A 300-day radioactive sample shows an activity of 5000 dps. 300 days later, its activity reduces to 2500 dps. The initial activity of the sample is
(1) 2500 dps
(2) 15000 dps
(3) 10000 dps
(4) 12500 dps

Answer 1

Hint: The problems based on the radioactive decay can be solved by knowing the basic concepts of the same. Determining the first order decay equation can help solve this problem.
Radioactive decay is the breakdown of molecules into ‘n’ number of molecules which would result in radiations.

Complete answer:
Let us first learn about the radioactive theory;
Radioactive decay is the spontaneous breakdown of the radioactive atomic nucleus emitting radiations as a result.
The nuclide which undergoes radioactive decay is known as parent nuclide which breaks down to produce daughter nuclides.
The radioactive formula can be expressed as,
     \[R={{R}_{0}}{{e}^{-\lambda T}}\]
where,
${{R}_{0}}$ = initial quantity of the substance
R = the quantity which is remaining from the decay
T = half life of the decaying quantity
e = Euler’s number which is equal to 2.17828
$\lambda $ = decay rate
‘-ve’ sign implies the decay process.
Solving the above equation, we can say that,
     \[\begin{align}
  & \ln \dfrac{R}{{{R}_{0}}}=-\lambda T \\
 & \ln \dfrac{{{R}_{0}}}{R}=\lambda T \\
\end{align}\]
Thus,
The given illustration can now be solved;
Given data-
${{T}_{1}}$ = 300 days
${{R}_{1}}$ = 5000 dps
${{T}_{2}}$ = ${{T}_{1}}$ + 300 = 600 days
${{R}_{2}}$ = 2500 dps
Let, initial activity be ${{R}_{0}}$ dps.
Now, solving as mentioned above,
$\ln \dfrac{{{R}_{0}}}{5000}=\lambda \times 300$
$\ln \dfrac{{{R}_{0}}}{2500}=\lambda \times 600$
Solving above two equations, we get,
$\begin{align}
  & \dfrac{300}{600}=\dfrac{\ln {}^{{{R}_{0}}}/{}_{5000}}{\ln {}^{{{R}_{0}}}/{}_{2500}} \\
 & \dfrac{1}{2}=\dfrac{\ln {}^{{{R}_{0}}}/{}_{5000}}{\ln {}^{{{R}_{0}}}/{}_{2500}} \\
\end{align}$
Thus,
$\begin{align}
  & \dfrac{1}{2}\ln \dfrac{{{R}_{0}}}{2500}=\ln \dfrac{{{R}_{0}}}{5000} \\
 & \ln {{\dfrac{{{R}_{0}}}{2500}}^{{}^{1}/{}_{2}}}=\ln \dfrac{{{R}_{0}}}{5000} \\
 & {{\dfrac{{{R}_{0}}}{2500}}^{{}^{1}/{}_{2}}}=\dfrac{{{R}_{0}}}{5000} \\
\end{align}$
Now, squaring both the sides we get,
$\begin{align}
  & \dfrac{{{R}_{0}}}{2500}={{\dfrac{{{R}_{0}}}{5000}}^{2}} \\
 & \therefore {{R}_{0}}=\dfrac{{{5000}^{2}}}{2500}=10000 \\
\end{align}$
Therefore, the initial activity is 10000 dps.

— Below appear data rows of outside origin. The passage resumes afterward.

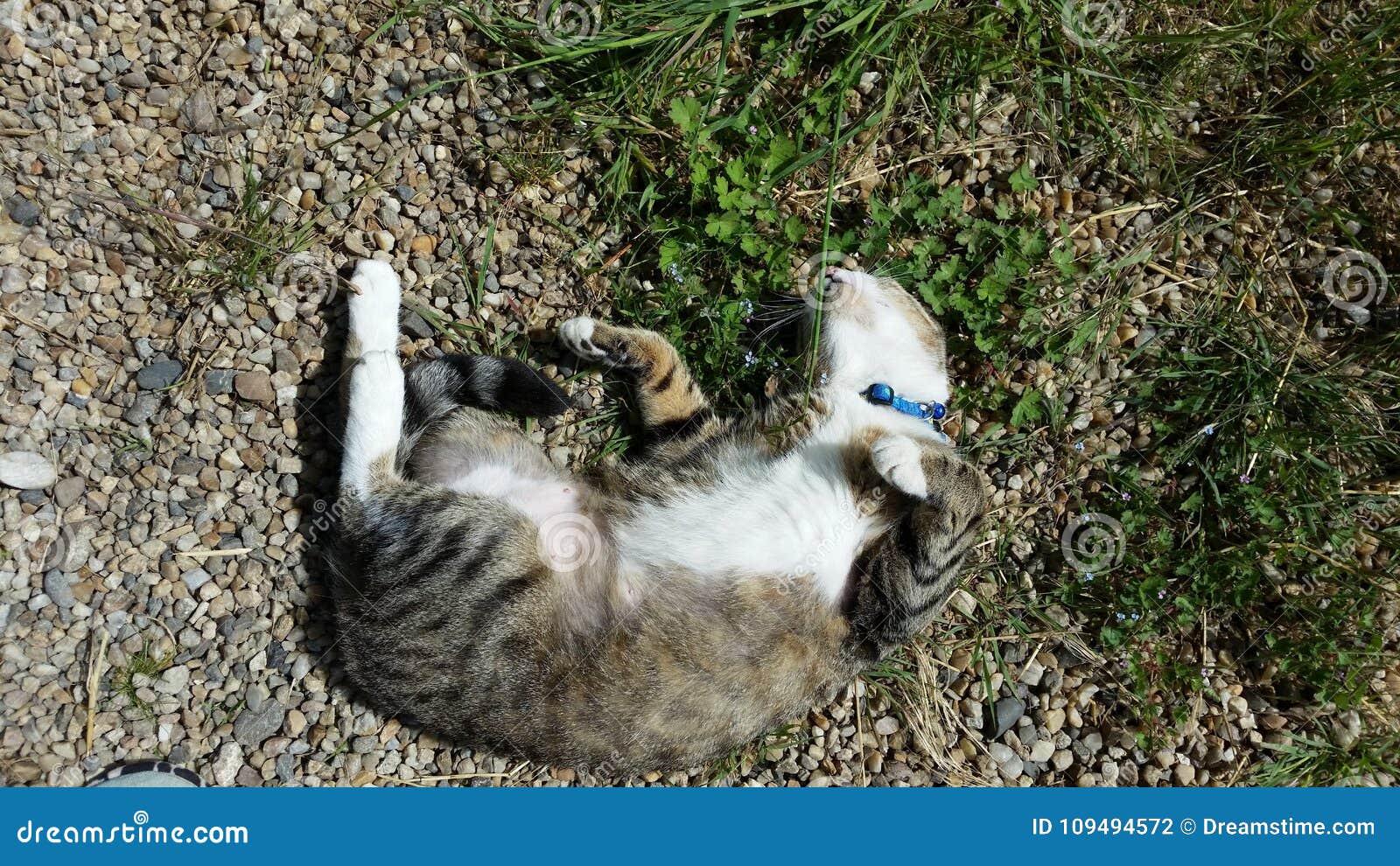 Chat Tigré Gris Noir Et Blanc Deuropeeun Photo Stock
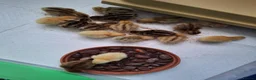 Quail poultry for sale: Japanese Coturnix Hatching Eggs  in Llansantffraid - Advert 5
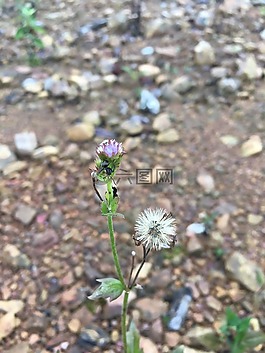 螞蟻,蒲公英,特寫
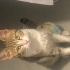 Kucak delisi bir bebek fotoğraf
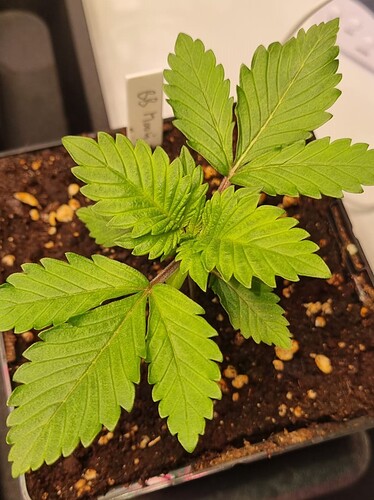 WhatsApp Image 2024-11-06 at 18.30.45 (4)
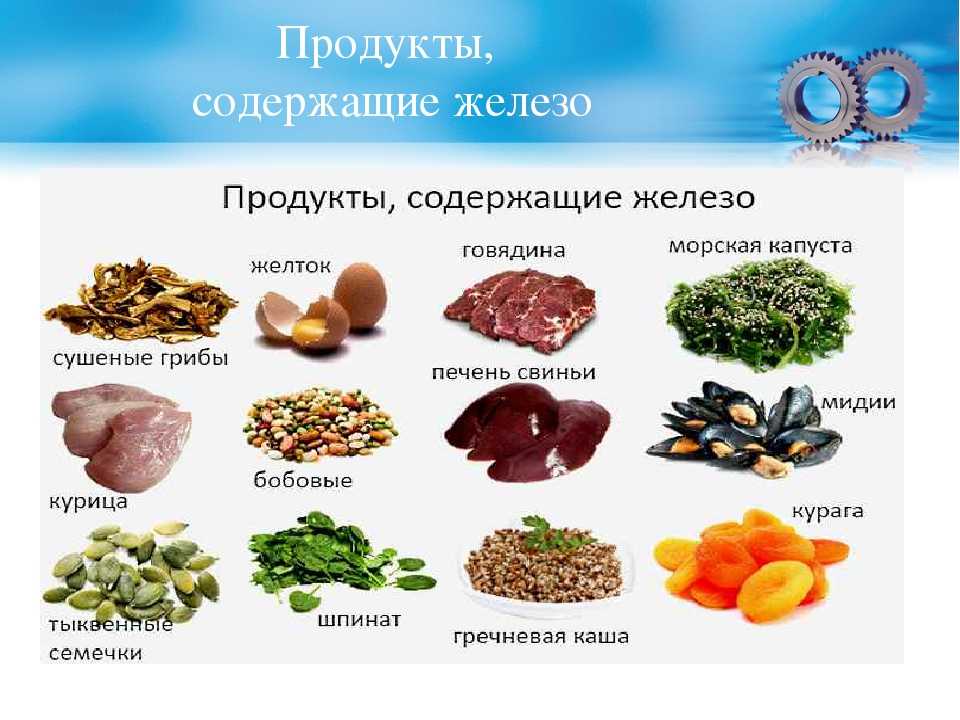 20 простых рецептов с куриными желудками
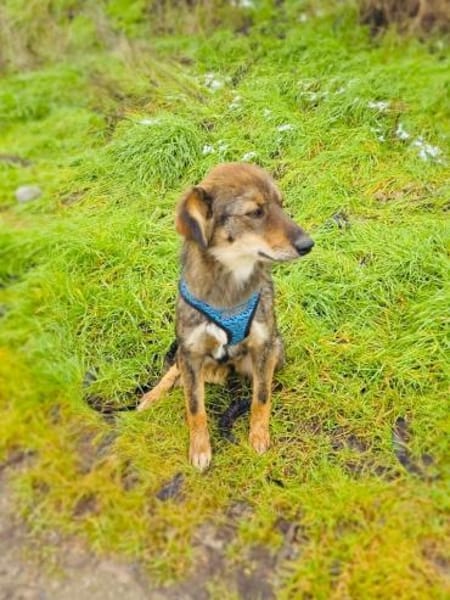 Rosa sucht ein Zuhause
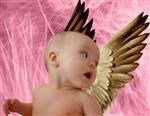 Angel Baby (Pink) from Photos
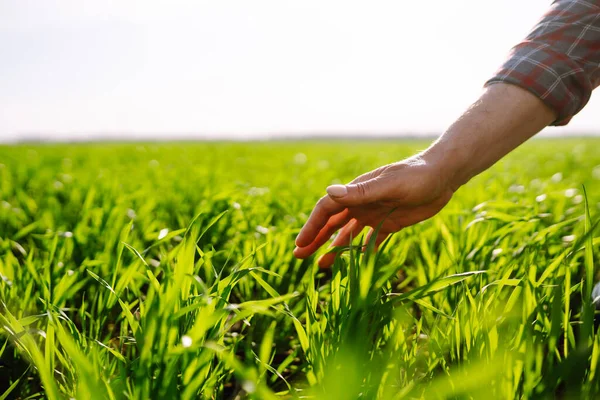 Mano Del Agricultor Toca Hojas Verdes Trigo Joven Campo Brote —  Fotos de Stock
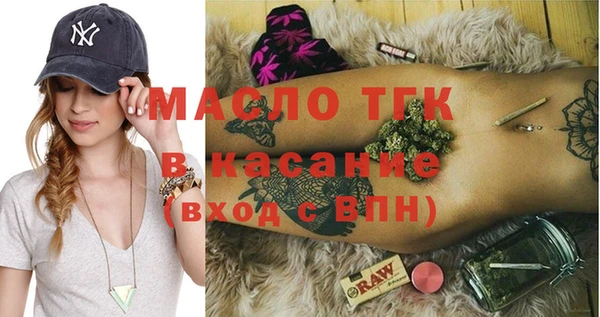 твердый Новозыбков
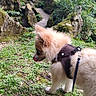 curious, dog, fur, grass, greenery, harness, leash, moss, nature, outdoor, park, path, pet, pomeranian, rock, scenery, side_view, small_dog, tongue, walking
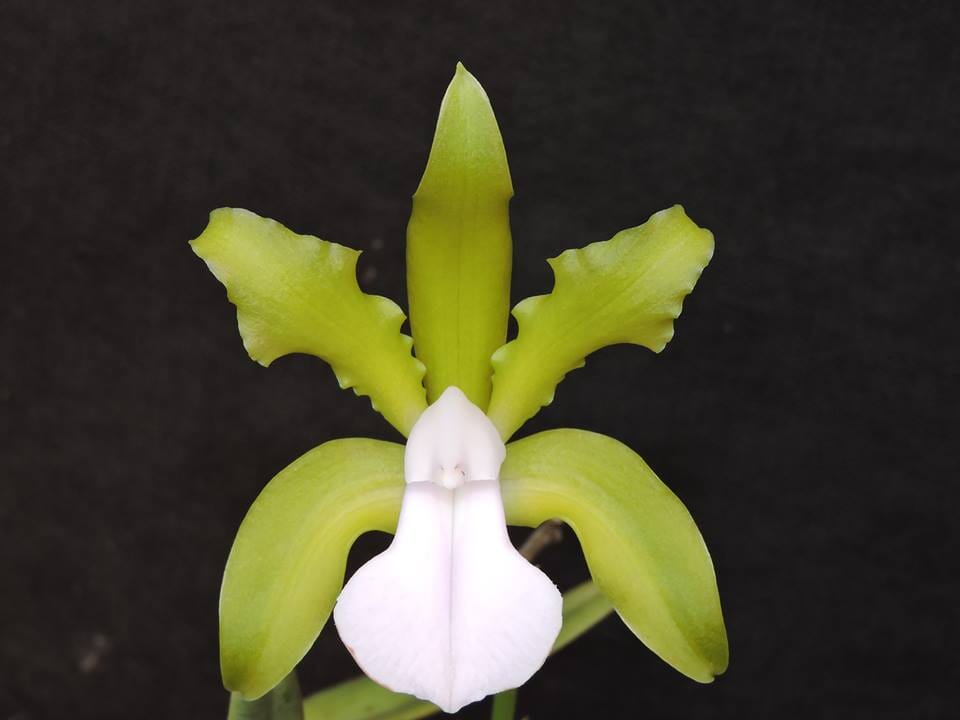 Cattleya bicolor var. alba 'Green Goddess' x Cattleya aclandiae var. alba AM/AOS Cattleya La Foresta Orchids 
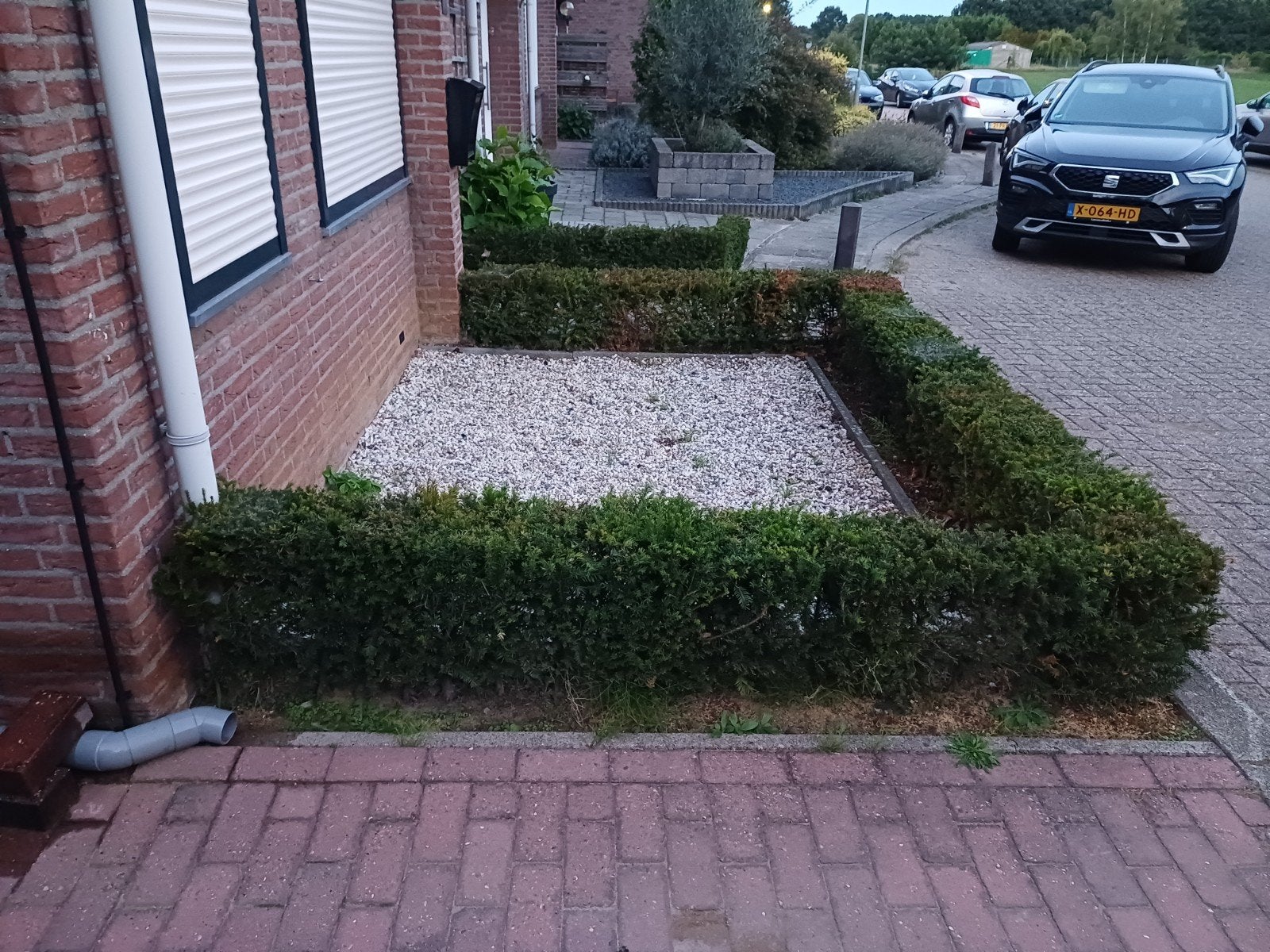 gratis, Boeken, Ophalen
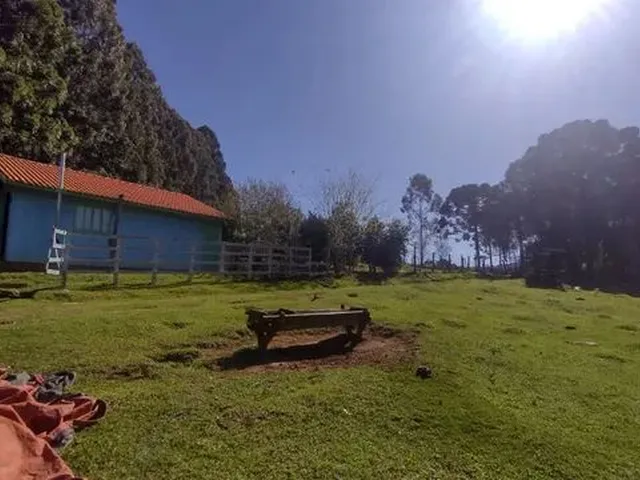 Imagem: !! Oportunidade Única - Lindo Sítio À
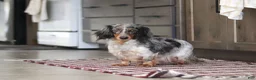 Miniature Dachshund dogs for sale: Archie - Ad 11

Hence, option (3) is correct.

Note:
Do note that the given problem is purely based on the radioactive decay and its equation. So, solve and analyse the problem properly.
No remarkable units are mentioned here, then too take specific care if any conversion unit is mentioned.